The U.S. Navy used 13 stars on its small-scale flags for precisely this reason. This was, of course, the original number of stars on the first American national flag, by way of the First Flag Act of 1777, and equal to the number of original colonies that became states.
For all practical purposes, commercial flag-makers simply didn't produce flags with pieced-and-sewn construction that were 3 to 4 feet in length before the 1890's. There are exceptions to this rule, but until this time, the smallest sewn flags were typically 6 feet on the fly. The primary use had long been more utilitarian than decorative, and flags needed to be large to be effective as signals. Private use grew with the passage of time, however, which led to the need for long-term use flags of more manageable scale.
Beginning around 1890, flag-makers began to produce small flags for the first time in large quantities, namely with dimensions of 2 x 3 feet or 2.5 x 4 feet. At just 1 x 1.5 feet, this is a tiny example among its counterparts.
Applying the same logic as the U.S. Navy, they chose the 13 star count rather than the full complement of stars for sake of ease and visibility. Any flag that has previously been official remains so according to the flag acts, so 13 star flags remain official national flags of the United States of America.
The 13 star count has been used throughout our nation's history for a variety of purposes. In addition to being flown by the Navy, 13 star flags were hoisted at patriotic events, including Lafayette’s visit in 1824-25, the celebration of the nation's centennial in 1876, and the sesquicentennial in 1926, as well as for annual celebrations of Independence Day. They were displayed during the Civil War, to reference past struggles for American liberty, and were used by 19th century politicians in political campaigning. The use of yachting ensigns with a wreath of 13 stars surrounding a fouled anchor, which allowed pleasure boats to bypass customs between 1848 and 1980, persists today without an official purpose.
Provenance: This flag was presented from June 14th – July 21st at the Museum of the American Revolution in Philadelphia, in an exhibit entitled “A New Constellation,” curated by Jeff Bridgman. This was the first ever, large scale exhibit of 13 star examples at a major museum.
Mounting: The flag was mounted and framed within our own conservation department, which is led by expert staff.

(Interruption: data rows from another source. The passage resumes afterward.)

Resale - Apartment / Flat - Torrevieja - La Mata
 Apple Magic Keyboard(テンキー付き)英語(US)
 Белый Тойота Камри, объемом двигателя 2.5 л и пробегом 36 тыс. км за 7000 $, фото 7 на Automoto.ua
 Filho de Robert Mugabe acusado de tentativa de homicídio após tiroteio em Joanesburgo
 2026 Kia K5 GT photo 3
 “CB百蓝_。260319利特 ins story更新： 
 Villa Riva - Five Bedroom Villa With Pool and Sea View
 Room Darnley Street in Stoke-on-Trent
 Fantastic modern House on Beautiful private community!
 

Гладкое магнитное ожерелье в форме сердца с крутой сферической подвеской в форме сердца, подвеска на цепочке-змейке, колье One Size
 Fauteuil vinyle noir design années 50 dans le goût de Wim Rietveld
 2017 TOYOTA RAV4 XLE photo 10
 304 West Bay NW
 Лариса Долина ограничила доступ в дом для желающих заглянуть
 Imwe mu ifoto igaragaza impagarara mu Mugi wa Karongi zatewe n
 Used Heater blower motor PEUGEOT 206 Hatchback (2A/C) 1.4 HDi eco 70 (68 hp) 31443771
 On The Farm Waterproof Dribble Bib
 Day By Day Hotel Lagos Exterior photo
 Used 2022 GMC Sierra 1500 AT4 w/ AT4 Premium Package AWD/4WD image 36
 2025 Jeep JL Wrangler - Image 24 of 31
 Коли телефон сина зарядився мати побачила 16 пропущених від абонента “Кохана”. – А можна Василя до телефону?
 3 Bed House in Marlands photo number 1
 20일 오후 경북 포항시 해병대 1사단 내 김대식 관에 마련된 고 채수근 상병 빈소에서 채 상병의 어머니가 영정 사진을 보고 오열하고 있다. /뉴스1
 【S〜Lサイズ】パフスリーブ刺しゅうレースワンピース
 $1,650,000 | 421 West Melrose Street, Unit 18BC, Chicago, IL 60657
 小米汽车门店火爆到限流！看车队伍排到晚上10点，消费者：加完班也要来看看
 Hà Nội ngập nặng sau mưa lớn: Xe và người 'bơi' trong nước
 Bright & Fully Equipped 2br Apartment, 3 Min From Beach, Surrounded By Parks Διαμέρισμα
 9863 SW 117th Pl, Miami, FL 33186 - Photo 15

We take great care in the mounting and preservation of flags and have framed thousands of examples.
The flag has been hand-stitched to 100% hemp fabric or a hemp and cotton blend (we use both interchangeably). The solid walnut frame dates to the period between black-painted and hand-gilded molding with its wide, shaped profile, is Italian. The glazing is U.V. protective acrylic (Plexiglas). Feel free to inquire for more details.
Condition: There is minor mothing in limited areas, accompanied by modest to moderate areas of the same in the 2nd and 4th white stripes, near the fly end, and along the canton, on the hoist end. Fabric of similar coloration was placed behind these areas, for masking purposes, during the mounting process. There is significant soiling along then entire length of the hoist binding. There are minor stains in the 1st and 2nd stripes, near the fly and hoist ends, respectively, and near the fly end of the 8th stripe. Many of my clients prefer early flags to show their age and history of use.